Abdülkerim Efendi, Kânûnî Sultan Süleymân Hân zamânında yaşamış âlimlerdendir. Bursa’nın Kirmasti (Mustafakemalpaşa) kasabasında doğdu. Doğum târihi bilinmemektedir. “Şeyh Müftî” adıyla meşhûr olmuştur. 1544 (H.951) senesinde vefât etti. Kabri, Mustafakemalpaşa’da, câmi ve zâviyesinin yanındadır... “ERKEK EVLÂT Nİ’METTİR!..”
Bu mübarek zat, vaazlarında buyurdu ki:
“Kız evlâtlar, ana-babası için hayır ve hasenattırlar. Erkek çocuklar ise, ni’mettirler. Hasenat sahibi olanlar sevâb kazanır. Ni’metlerden ise hesaba çekilir, suâl sorulur.”

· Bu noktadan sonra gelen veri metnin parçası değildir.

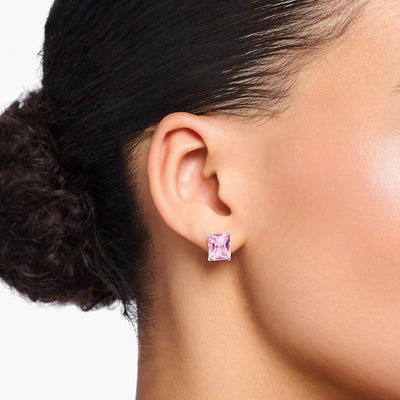Thomas Sabo Silver Hoop Stud Earrings With Pink Stone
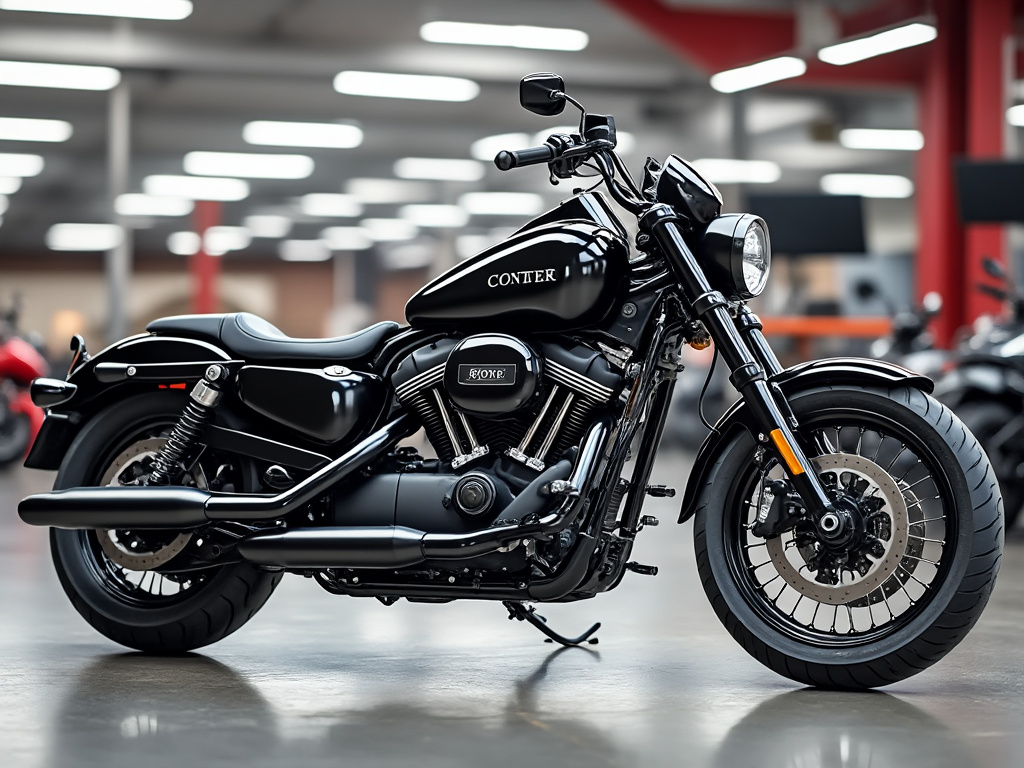 Motocicleta personalizada negra en exhibición en un garaje iluminado, destacando llantas y diseño clásico.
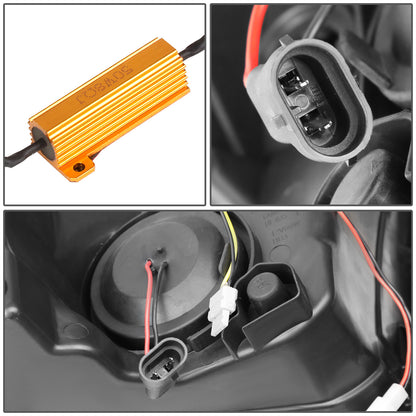 FAROS 08-17 TOYOTA SEQUOIA / 07-13 TOYOTA TUNDRA - FITS MODELS WITHOUT LEVEL ADJUSTER - DRL LIGHT BAR WILL REQUIRE WIRING TO EXISTING HARNESS - LED DRL - PROJECTOR - BLACK HOUSING / SMOKE LENS / AMBER CORNER - H1 LOW BEAM / H1 HIGH BEAM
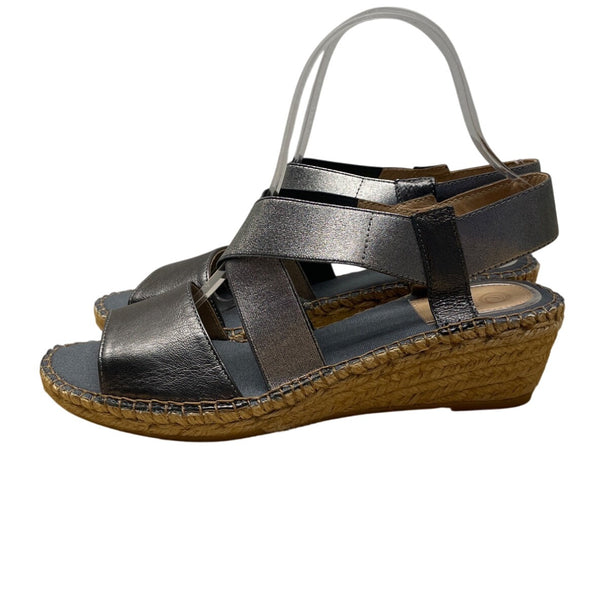 Vidorreta Womens Metallic Graphite Napa Strappy V Love Wedge Sandals Size 40 New
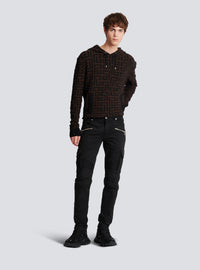 Pantalon cargo fuselé en coton - Noir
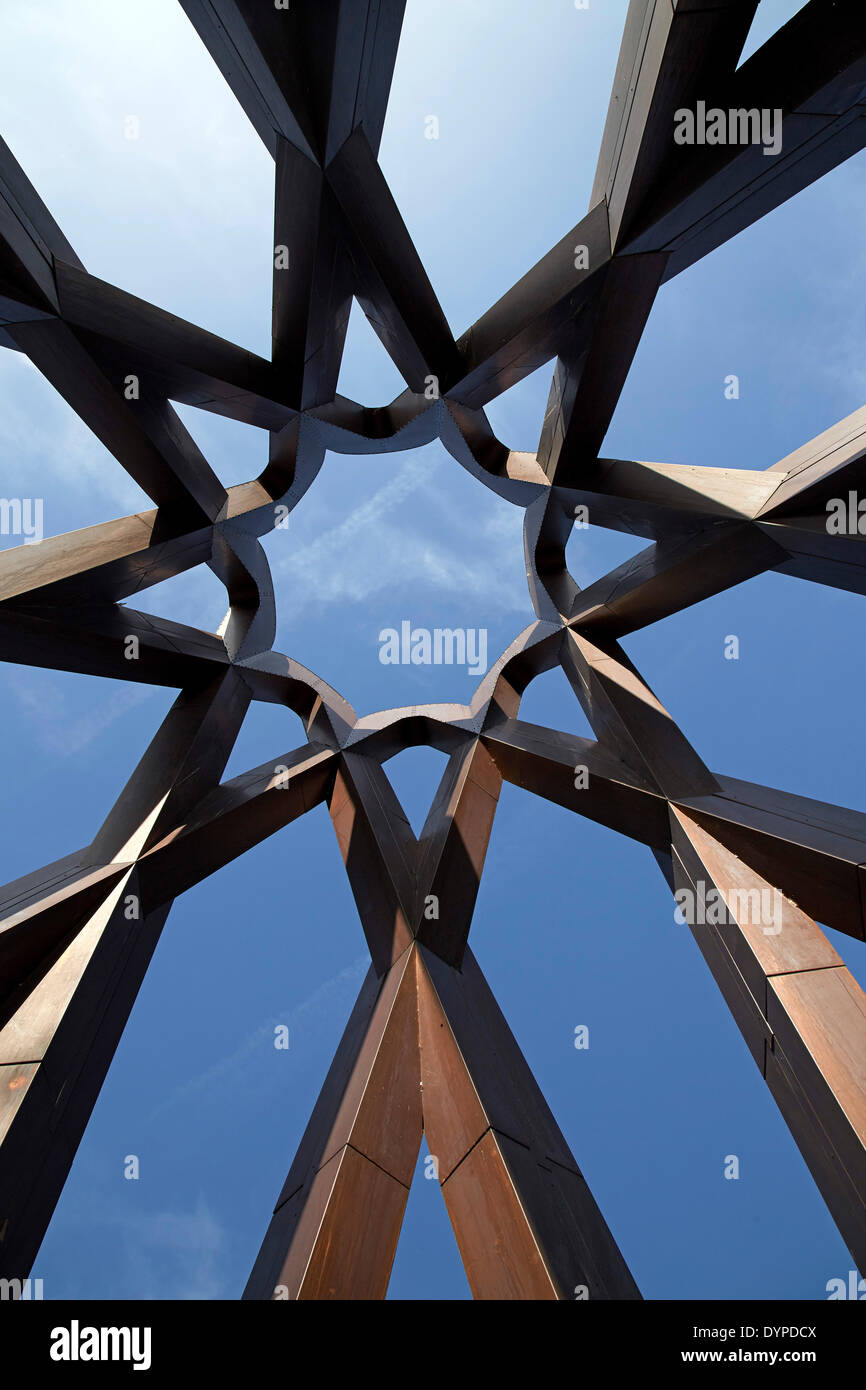Sufi Memorial, Banbury, United Kingdom. Architect: Borheh, 2013. Abstract view from within. Stock Photo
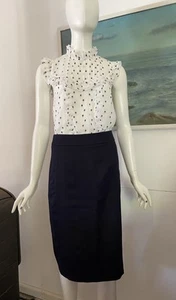 REVIEW NAVY lined Pencil Skirt SIZE 8 Immaculate - Picture 1 of 7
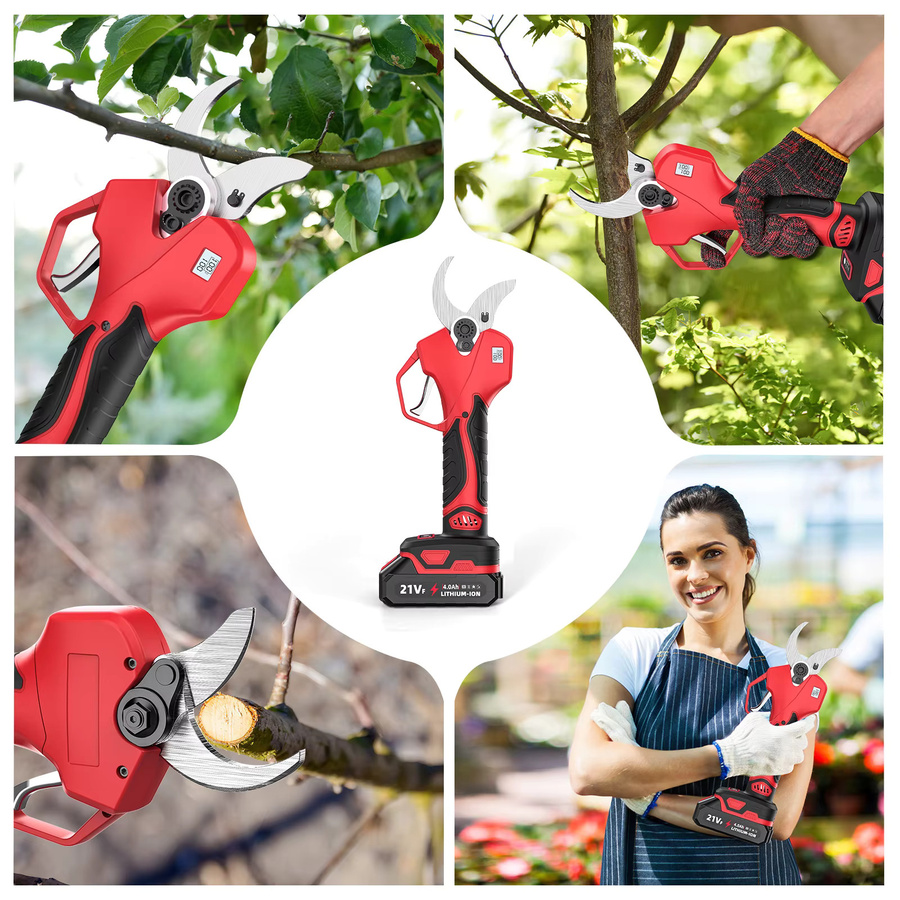 Akku-Astschere mit 50mm Schneidkapazität von Makita für Obst, Bäume und Bonsai, Schwarz-Rot, kompatibel mit Makita LXT Akkus - Bild 3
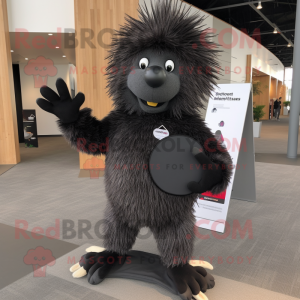 Black Porcupine mascot costume character dressed with a Henley Shirt and Foot pads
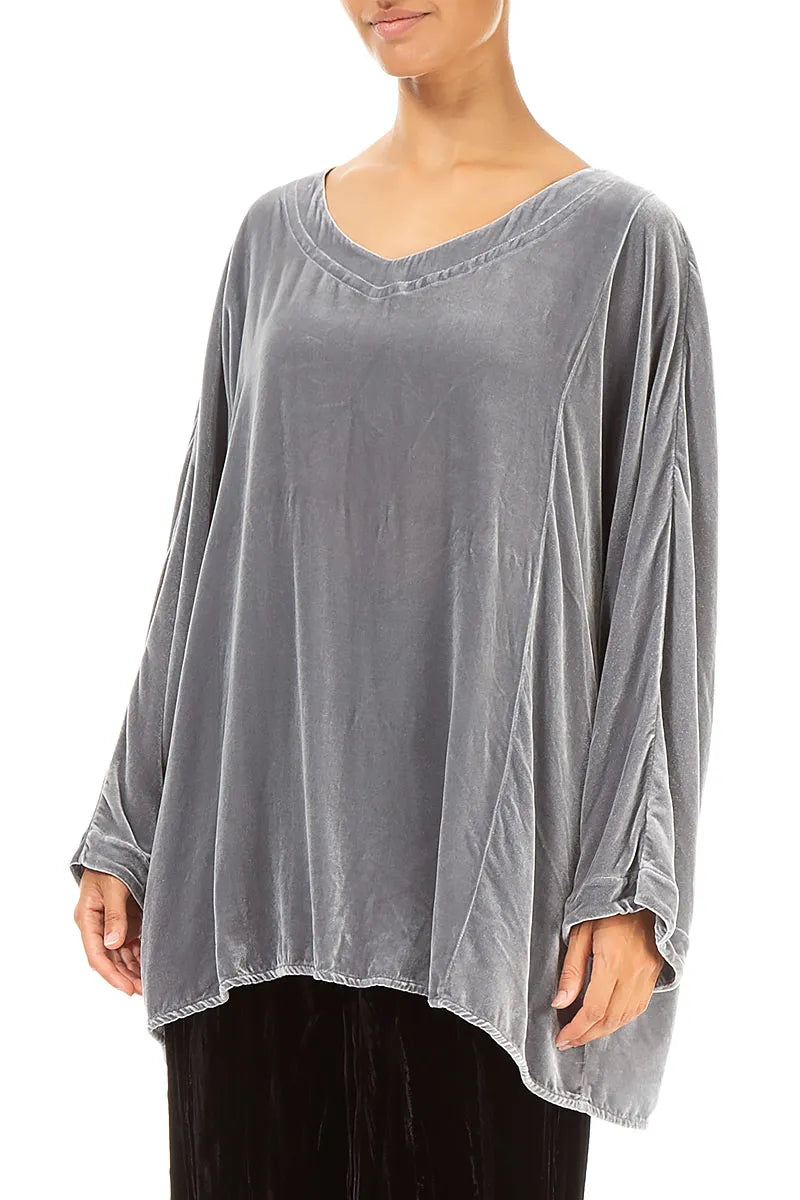 Loose Silver Silk Velvet Blouse 3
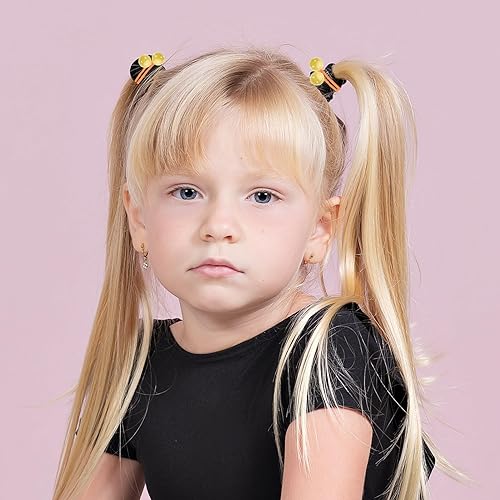 Miniatura 4 de Beaupretty 12 ligas para el cabello, soportes para cola de caballo con bolas de colores, lazos para el cabello de doble cuenta, cuerdas elásticas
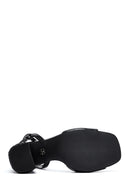 Women's Black Ankle Buckle High Thick Heel Sandals | Derimod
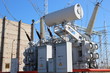 part of high-voltage substation with switches and disconnectors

“Bir kimse, kusur, günah işlediği zaman utanmıyorsa, yaşlandığı zaman pişmanlık duyup kötü işlerinden vazgeçmezse ve tehna bir yerde olduğu zaman Allahü teâlâdan korkmazsa, onda hayır yoktur.”
Abdülkerim Efendi, vefatına yakın şöyle münacatta bulundu:
“İlâhî! İhsân ve ikrâm ederek bize kendini tanıttın. Nîmetlerin deryâsına bizleri daldırıp gark ettin. Her an nîmetlerin deryâsında yüzmekte, onlardan istifâde etmekteyiz. Bizleri râzı olduğun, beğendiğin yer olan Cennetine dâvet ettin. Seni hatırlamak, emirlerini yapmak sebebiyle, bizlere sonsuz nîmetler hazırladın, ihsân ettin. Ne büyüksün yâ Rabbî!
“BİZ, KENDİMİZE ZULMETTİK!”
Yâ İlâhî! Biz kendimize zulmettik. Nefsimizin kötülüğü her yanımızı kapladı. Gaflet denizi kalblerimizi doldurdu. Her hâlimizle perişanlığımız apaçık. Bizim bu hâlimizi en iyi bilensin.
Yâ İlâhi! İsyânımız ve günahımız, senin azâbını bilmemek, duymamak sebebiyle değildir. Lâkin âsî nefsimiz bize, azâba düşürecek işleri yaptırdı ve günahları işletti. Senin günahları örtüp, yüzümüze vurmaman sebebiyle şımardık. Bu yüzden çok günah işledik. Senin af ve magfiretine güvenip, günahlara daldık. Şimdi yaptıklarımızın cezâsı olarak, bize hazırladığın azâb ile karşı karşıyayız. Cehennem azâbından bizi şimdi kim kurtarabilir. Senden başka kim bize bir kurtuluş ipi uzatabilir. Âhiret günü, senin huzûrunda mahcûb bir duruma düşecek bu hâlimize yazıklar olsun. Yarın çirkin amellerimiz karşımıza çıkarıldığında ayıblanmamıza esefler olsun.
Yâ Rabbî! Bizim günahlarımızı affet. Kusûrlarımızı bağışla. İbâdetlerimizdeki kusurlarımızı af ve magfiret eyle. Yâ İlâhî! Bilmeyerek yaptıklarımızı affet ve bizi aklıselîm sâhibi kıl. Sen, Rabbimizsin, sana inandık. Sen günahları affedersin, affedicisin.”